Retail sales rose 0.3% last month, the measure’s seventh gain in eight months. Retail sales’ rise was led by a 1.1% gain in gasoline store sales and a 0.9% increase in sales at “non-store retailers.” Furniture and clothing sales dropped the most of all categories. Control group sales, which we view as a cleaner measure of retail sales’ contribution to gross domestic product (GDP), rose 0.3%.
Data on consumer activity is especially important to watch these days. Consumer spending has powered the U.S. economy this year as companies have curbed investments while waiting for trade and geopolitical uncertainty to fade.

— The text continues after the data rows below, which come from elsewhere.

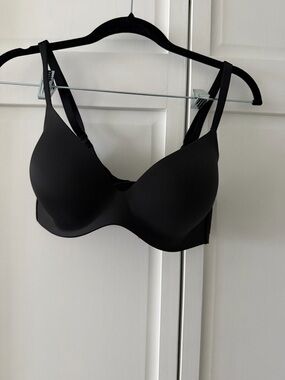 Victoria’s Secret Seamless T-Shirt Push-Up Bra 34D Black NWT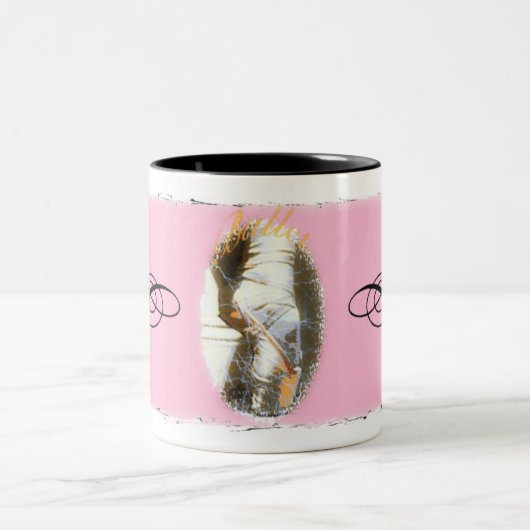 ピンクのマグが付いているバレエのPointeの靴 ツートーンマグカップ (中央)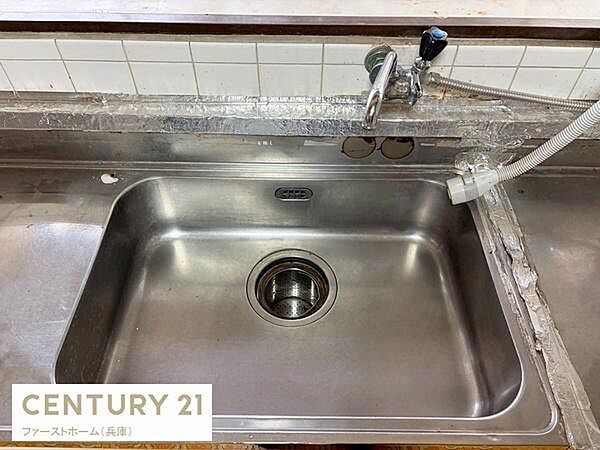 シンプルなデザインのシンクで毎日の作業もしやすい仕様です。キッチン全体に清潔感がありお手入れも簡単にできます。蛇口周りもスマートな造りで水回りの使い勝手も良好です。カウンターとの一体感も感じられます。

As shown in the LPL Chart of the Day, consumer spending has largely propelled GDP over the past two quarters, countering business spending’s noticeable drag on growth.
“U.S. consumer activity has been largely immune from global headwinds, even as other parts of the economy have succumbed to uncertainty,” said LPL Financial Senior Market Strategist Ryan Detrick. “To be fair, consumers have several reasons to be optimistic. Employment is the primary driver of consumer health, and the U.S. labor market has been resilient.”
There are risks to the consumer outlook emerging, though. Signs have emerged that U.S. consumers are becoming more nervous, and October’s retail sales report showed that spending fell for certain items. Still, we see enough evidence to think the consumer will continue to anchor this record 10-year expansion.